Steve Jobs Biography: On the Development and Launch of iPad
While reading through Steve Jobs' biography, we discovered a number of interesting behind-the-scenes facts related to the development of the iPad.
When Steve Jobs was first hammering out the concept for the iPad, Jonathan Ive created a large number of mockup designs in order to figure out the right size and aspect ratio. Apple ultimately decided to go with a 9.7" screen at a 4:3 aspect ratio, but not without trying many other variations:
The process began with Jobs and Ive figuring out the right screen size. They had twenty models -- all rounded rectangles, of course -- in slightly varying sizes and aspect ratios. Ive laid them out on a table in the design studio, and in the afternoon they would lift the velvet cloth hiding them and play with them. That's how we nailed what the screen size was," Ive said
There have been persistent rumors that Apple had been developing a 7" iPad. It seems possible that that size was a runner-up choice that made it to late prototypes before Apple ultimately decided on the 9.7" model.

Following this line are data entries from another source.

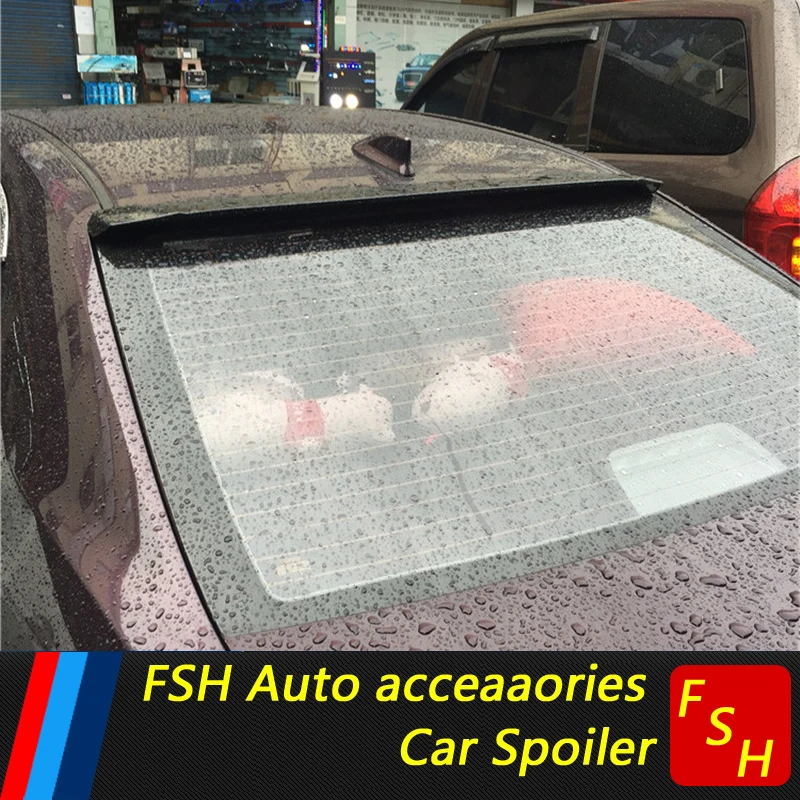 

For Corolla Roof Spoiler ABS Material Car Rear Wing unpaint Color Rear Spoiler For Toyota Corolla Roof Spoiler 2014-2017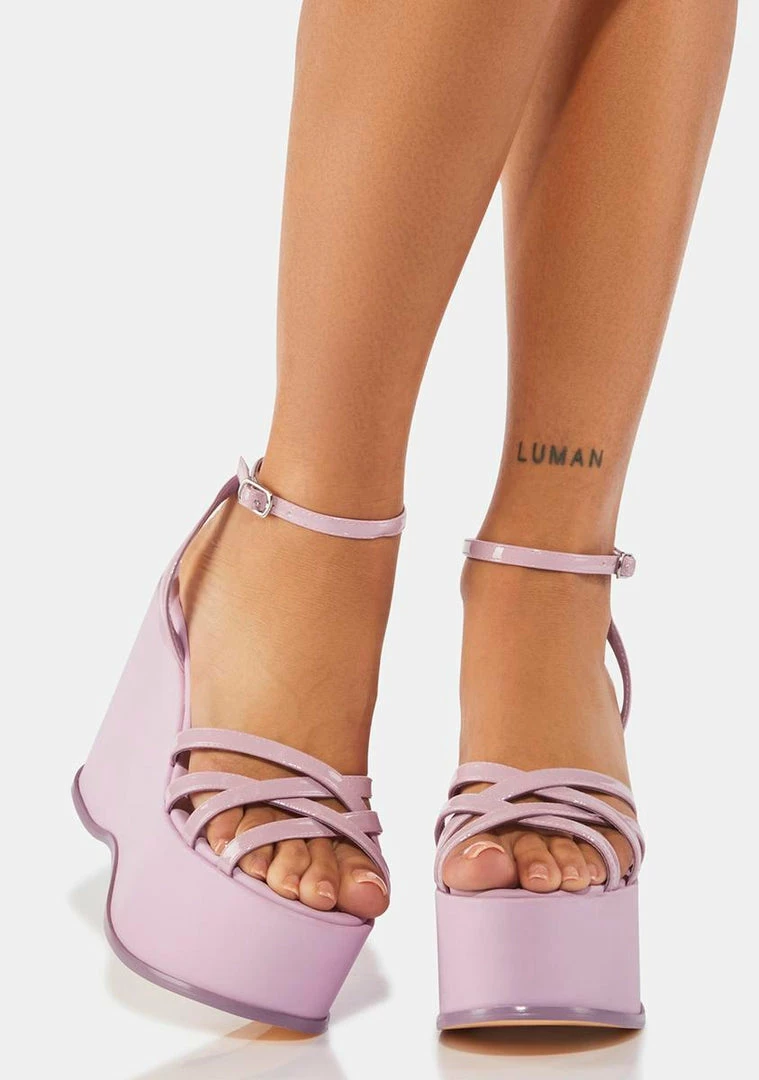 Best reviews of 👏 ROC 🥾 Boots Australia Lilac Roxie Platform 🩴 Sandals Platforms 🛒 3 ROC Boots Australia Lilac Roxie Platform Sandals Platforms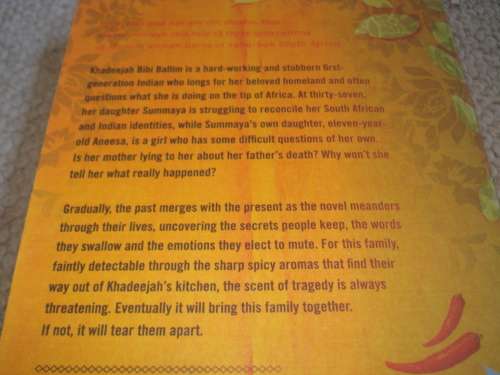 " ONION TEARS " A NOVEL BY SHUBNUM KHAN AND SIGNED BY HER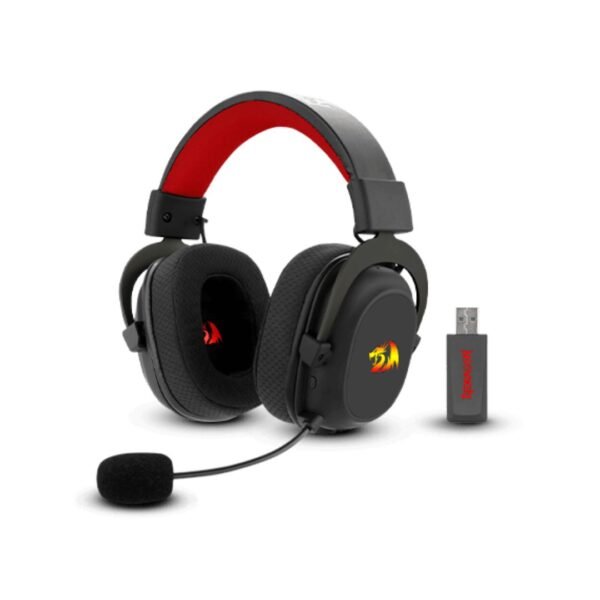AURICULAR REDRAGON ZEUS PRO H510-PRO BT v5.2| 2.4G| USB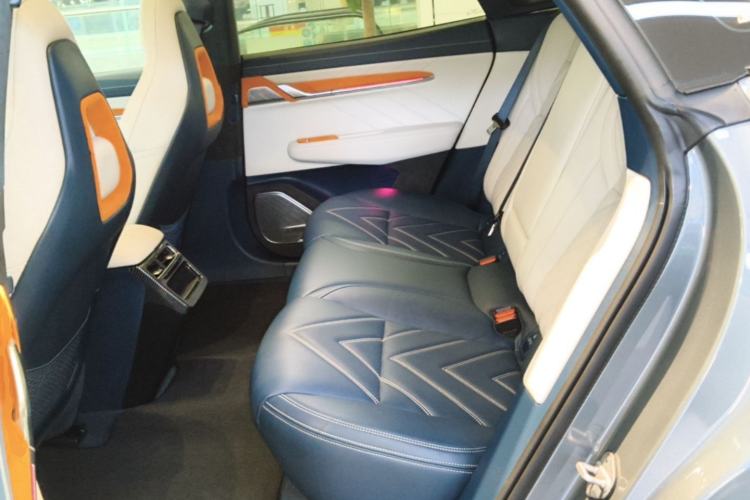 Used Zeekr 001 2021 Ultra-Long Range Single-Motor WE Edition Left Rear Seat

As for the processor being an ARM chip, Jobs had initially planned on using Intel's low-voltage Atom chip, even though the iPhone used an ARM chip. Tony Fadell successfully argued for ARM, even threatening to resign over the issue.
Much of the initial press reaction to the iPad was negative, which both "annoyed and depressed" Steve Jobs on the evening after the launch. Jobs says he received 800 emails that day -- many of them complaints.
As usual, Jobs was intimately involved in the television advertising for the iPad, but he wasn't happy with initial options so the ad agency came back with a number of others. One of the proposed TV ads for the iPad used actor Michael Cera "wandering through a fake house making funny comments about the way people could use iPads."
Finally, Jobs thought the iPad could revolutionize the textbook industry, and had considered a plan to include textbooks as a feature on the iPad.
"His idea was to hire great textbook writers to create digital versions, and make them a feature of the iPad. In addition, he held meetings with major publishers, such as Pearson Education, about partnering with Apple."
He specifically wanted to make textbooks free and bundled with the iPad, and such a system would give states the opportunity to save money during the slow economy.